→ **DATA BLOCK**:
* * * * * * *

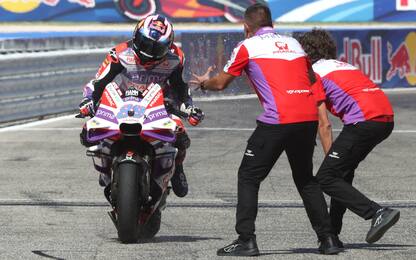 Martin vince anche il GP. 2° Bezzecchi, 3° Bagnaia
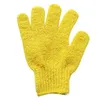 Exfoliating Bath Glove Body Scrubber Glove Nylon Duschhandskar Body Spa Massage Dead Skin Cell Remover (1 Pairs = 2 st)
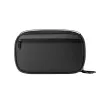 Kosmetyczka XDDESIGN First-Class All-in-One Travel Organiser P706.3401, Czarna, Zapięcie na zamek, Elegancki woreczek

* * * * * * *

→ **TASK DIRECTIONS**: Reproduce each line above precisely, with no pictures.

→ **RESULT**:
 Martin vince anche il GP. 2° Bezzecchi, 3° Bagnaia
 Exfoliating Bath Glove Body Scrubber Glove Nylon Duschhandskar Body Spa Massage Dead Skin Cell Remover (1 Pairs = 2 st)
 Kosmetyczka XDDESIGN First-Class All-in-One Travel Organiser P706.3401, Czarna, Zapięcie na zamek, Elegancki woreczek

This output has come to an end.